No quarto capítulo, que tem como título O lapso do rei Henrique VIII: inveja imperial e a formação da América Britânica, Jorge Cañizares-Esguerra e Bradley J. Dixon analisam o impacto da conquista e a formação do império ibérico no mundo anglo-saxão. Com suas minas e riquezas advindas do Novo Mundo, a Espanha se consolidou como a maior potência na Europa do início da modernidade. Isso, mais a rivalidade com a consolidação da Reforma na Inglaterra, levou os ingleses a buscarem imitar seus rivais castelhanos na construção de colônias na América. Ao longo dos séculos XVI e XVII encontrava-se na península ibérica a inspiração que os ingleses buscavam para a construção de seu próprio império. Foi somente no século XVIII, com a disseminação da “Legenda Negra” e a percepção de que o modelo ibérico não seria viável para os objetivos anglicanos, que a Grã-Bretanha encetou novo processo de povoamento e conquista na América desvinculado do modelo ibérico. Isso, porém não simbolizou o abandono do modelo espanhol. Durante todo o período de construção de suas colônias a Inglaterra teria no seu adversário o exemplo a seguir ou criticar.

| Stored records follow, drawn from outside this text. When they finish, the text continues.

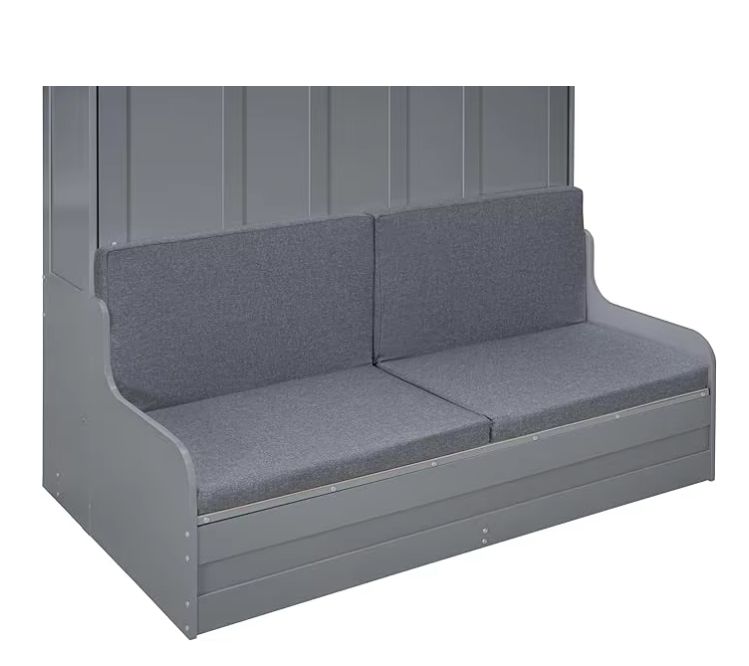 Twin Size Murphy Bed with Open Shelves Storage Drawers Built-In Wardrobe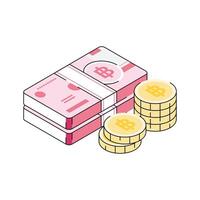 A captivating isometric icon showing thai baht bills vector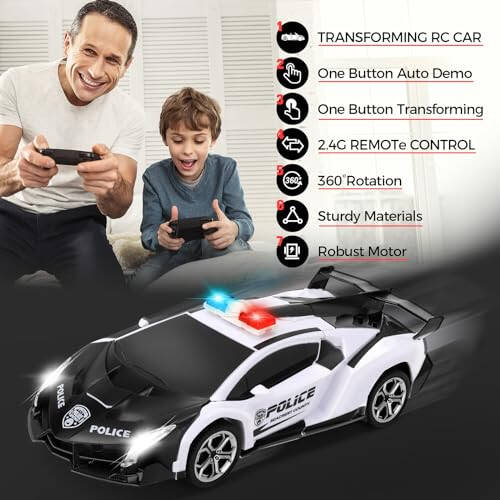 Blackma Remote Control Car - Transform, One-Button Deformation & 360°Rotating Drifting, Transform Robot RC Car with LED Light, Toy Gifts for 4 5 6 7 8 9 10 11 12 Years Old Boy (White) - 10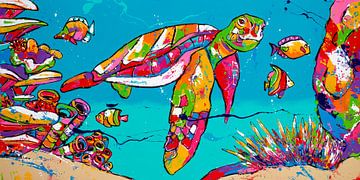 Meeresschildkröte unter Wasser von Happy Paintings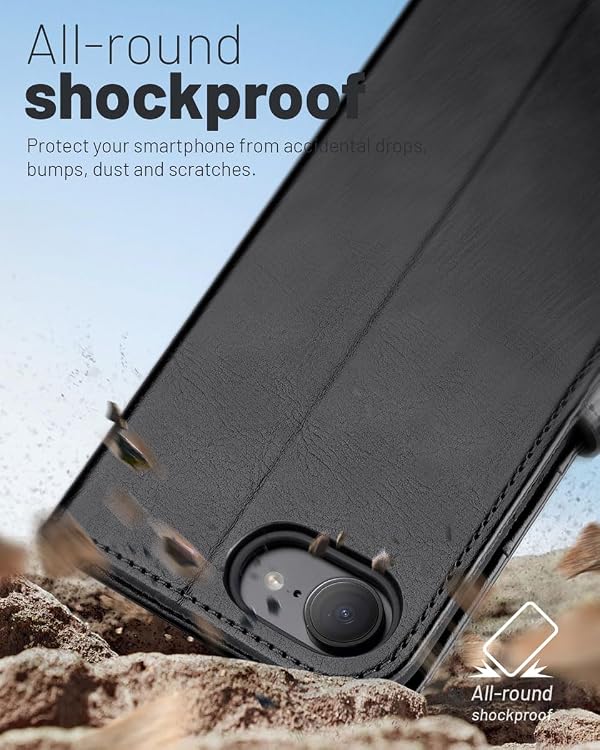 OCASE Compatible with iPhone 17e Case/iPhone 16e Wallet Case, PU Leather Flip Folio with Card Holders RFID Blocking Kickstand [Shockproof TPU Inner Shell] Phone Cover 6.1 Inch 2025, Black by OCASE - Image 5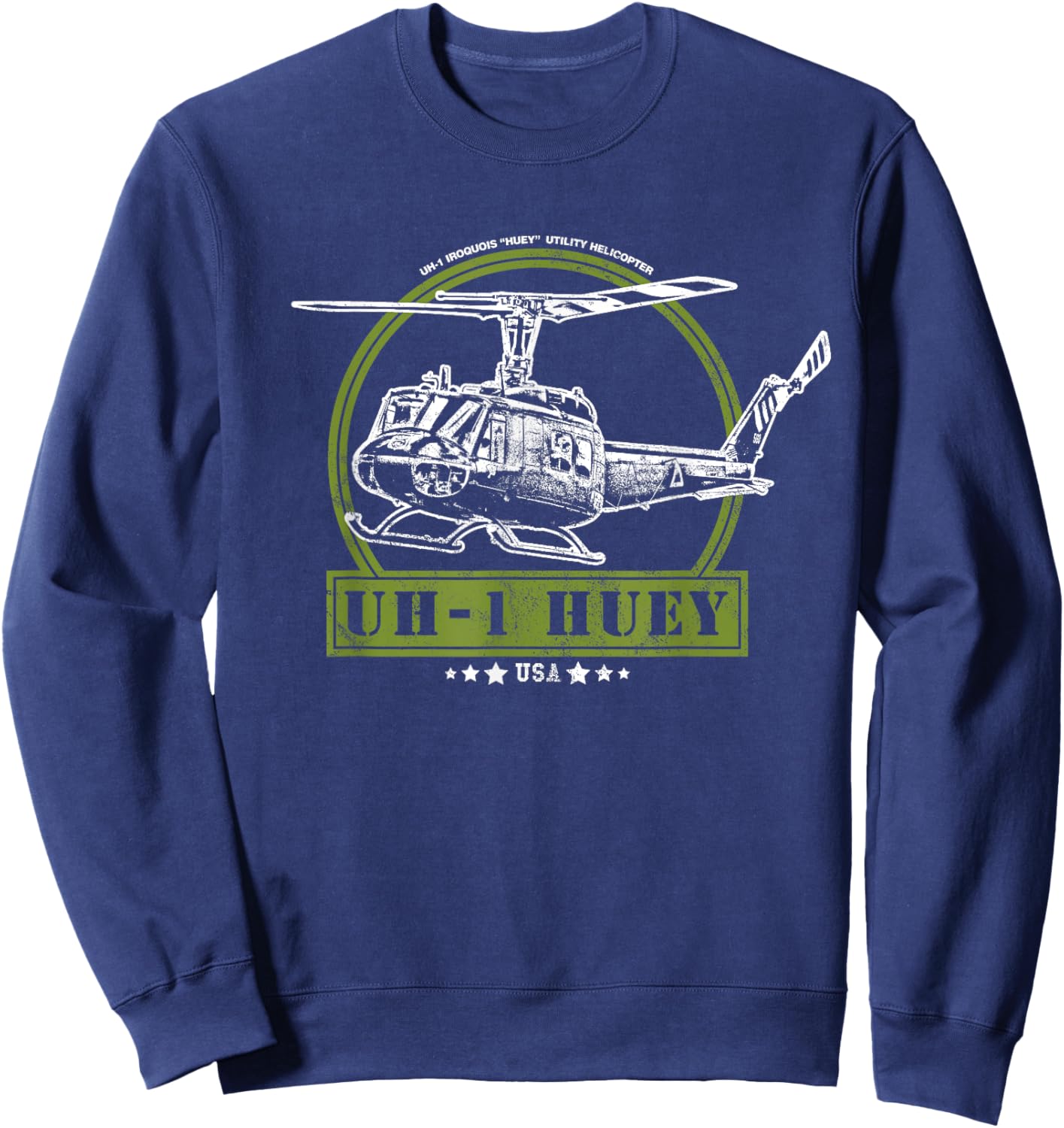 UH-1 Iroquois Huey Helicopter Sweatshirt - Sweatshirt | Navy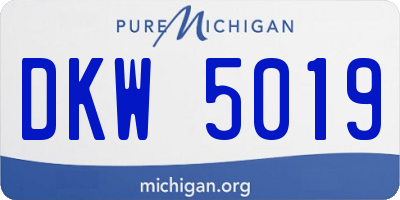 MI license plate DKW5019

Não foi só de pessoas que se constituiu a formação do mundo colonial americano. Benjamin Breen, no quinto capítulo do livro, analisa o Meio ambiente e trocas atlânticas. A migração de povos do Velho para o Novo Mundo se deu por volta de 60.000 anos atrás, segundo as pesquisas desenvolvidas por vários arqueólogos na América. Houve contatos com vikings durante o ano 1.000, mas as colônias por eles fundadas desapareceram sem deixar traços mais profundos. Assim, ao longo de vários séculos, povos, animais e plantas, além dos micro-organismos, estiveram longe do contato com outras espécies. A vinda dos europeus trouxe consigo não apenas as transformações no estilo de vida desses povos, mas representou também o intercâmbio entre diferentes indivíduos e seres vivos. Dessa forma,

[…] a história ambiental do mundo atlântico também ajuda a compreender duas das mais colossais catástrofes da história humana recente. A primeira é a impenetrável tragédia ocasionada pelas mortes de dezenas de milhões de nativos americanos devido a doenças infecciosas como a gripe, o sarampo e a varíola, contra as quais os indígenas não possuíam resistência. A segunda é a contínua diminuição da biodiversidade global, a qual muitos ecologistas identificam agora como a maior extinção em massa desde o desaparecimento dos dinossauros há 65 milhões de anos (p. 247).

As trocas envolvendo os dois lados do Atlântico e a inclusão do Índico e suas variedades de fauna e flora estão diretamente vinculadas à constituição do mundo contemporâneo e suas variedades de flores, frutos e fauna tal qual conhecemos hoje; seu custo para povos e seres que habitavam a América foi altíssimo.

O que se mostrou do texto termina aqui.